Stretching decades into the past, the 40-yard dash actually has deep roots across the United States. Newspapers have reported on thousands of 40-yard sprints over the years, mostly from local town or school events at various levels.
According to Newspapers.com, the first New York Times reference to a 40-yard dash coincidentally came in April, the same month as the NFL draft. The only difference: it was 1885. The reference was a track and field competition between soldiers of the locally-based Eighth Regiment Athletic Association, and the 40-yard dash was won by a James Gillespie (whose winning time was clocked at five seconds).
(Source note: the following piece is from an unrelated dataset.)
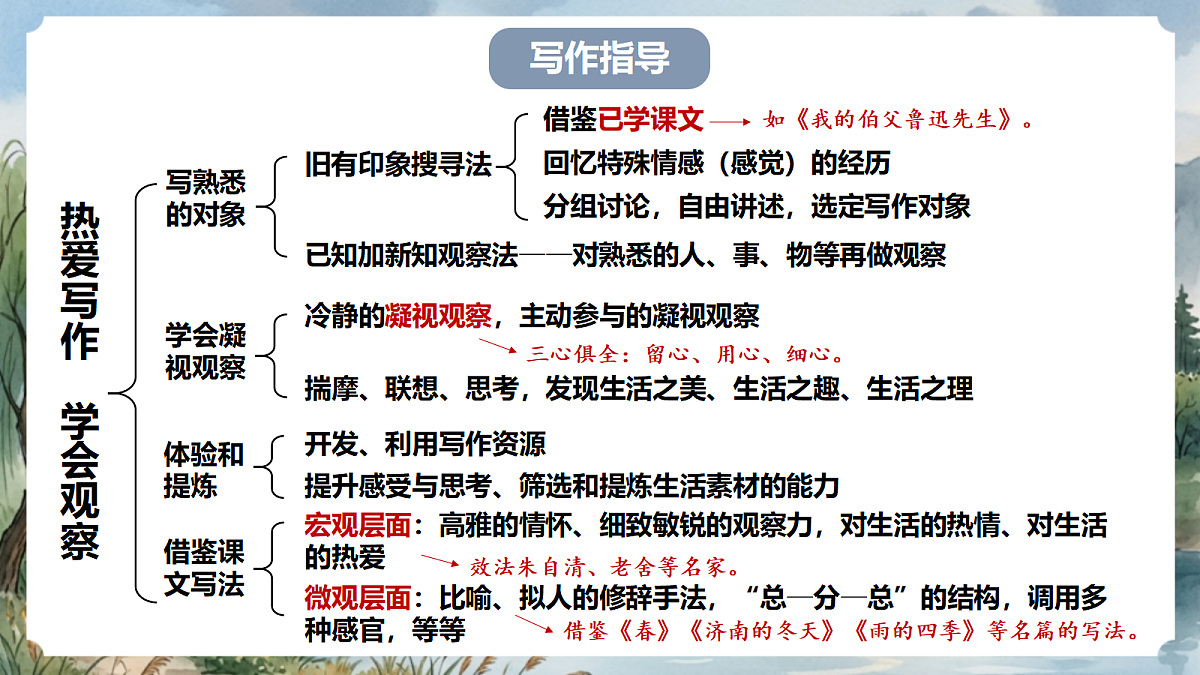 人教部编版语文七上 第一单元 写作《热爱写作，学会观察》课件第7页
It wasn’t until the 1950s that the 40 became tied to the NFL in a serious way. As America’s Game author Michael MacCambridge described, it was Paul Brown (coach of the Cleveland Browns) who first harnessed it:
Intent on building a fast team, he began timing players in the 40-yard dash, rather than the 100, reasoning that the 40 was a more meaningful measure of true football speed, about the distance a player would cover on a punt.
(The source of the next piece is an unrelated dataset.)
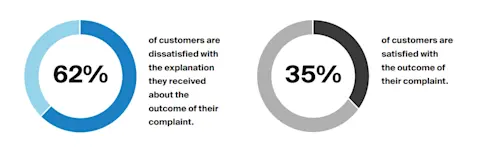 Diagram showing how outcomes of customer's complaints.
Football scout and executive Gil Brandt, working for the Dallas Cowboys, helped to make it the NFL’s central measurement of speed among rookie evaluations during the 1960s and onward.
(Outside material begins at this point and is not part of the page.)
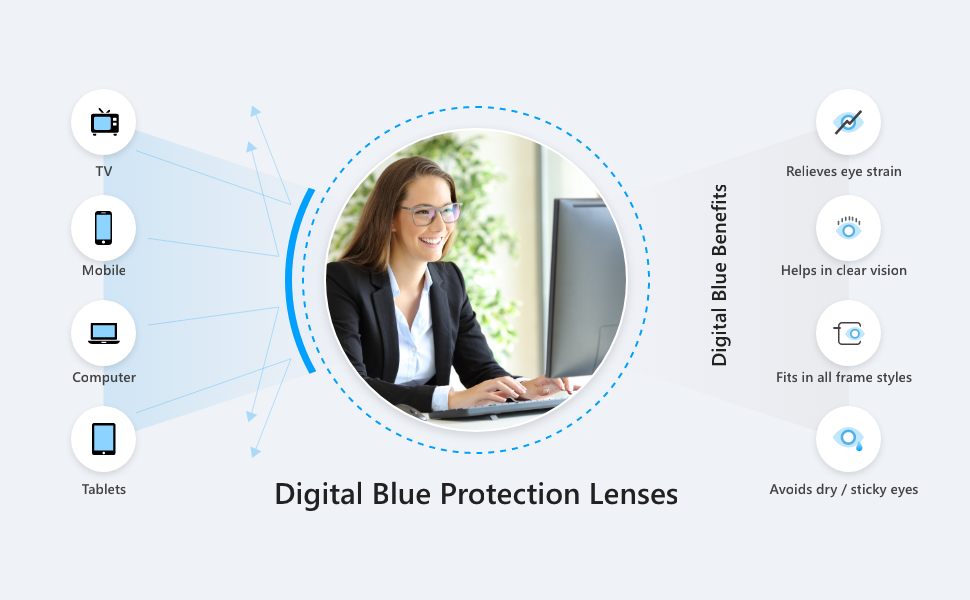 benefits of Blue light blocking glasses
“It’s a universal way of doing things,” Brandt told Sports Illustrated’s Jonathan Jones in an interview. “It’s like zip codes and postal mailings and area codes. It’s a part of life.”
Interestingly, despite starting the trend, Paul Brown was not nearly as wedded to it as might have been thought. In his book, Building a Champion, legendary 49ers coach Bill Walsh (who had been an assistant under Brown in Cincinnati) dismissed the dogmatic obsession of the 40 by citing Brown himself:
We tried to evaluate players on how they functioned on the field, not on whether they matched some arbitrary standard. We had our own criteria and didn’t worry about others’. Much of that philosophy could be traced back to my own experience. For years, Paul Brown never gave much credence to artificial tests.
Walsh also dismissed the Cowboys’ methodology, believing that most of the credit in those years belonged to his Hall of Fame counterpart, Tom Landry:
A lot of self-promotion emanated from the Cowboys’ personnel department about their superior scouting system and draft decisions. Whenever a free agent made the team, it would be credited to scouting, not coaching.
I believe the major reason for their success was a great job of coaching by Tom Landry and his staff.
Given that Jerry Rice ran a comparatively slow 40 (4.59), Walsh was vindicated in many respects. The 40, despite its fame, is far from every NFL team’s specified measurement for success. Former Raiders owner Al Davis obsessed over acquiring 40-yard dash superstars, with mixed results.
And as Bill Belichick’s Patriots aren’t composed of too many combine superstars, it’s safe to say that he too has his doubts about the importance of the NFL’s 40 phenomenon.
One final note: John Ross sadly didn’t win an island despite breaking the official 40 record. As was pointed out almost immediately, he was not wearing the requisite Adidas shoes.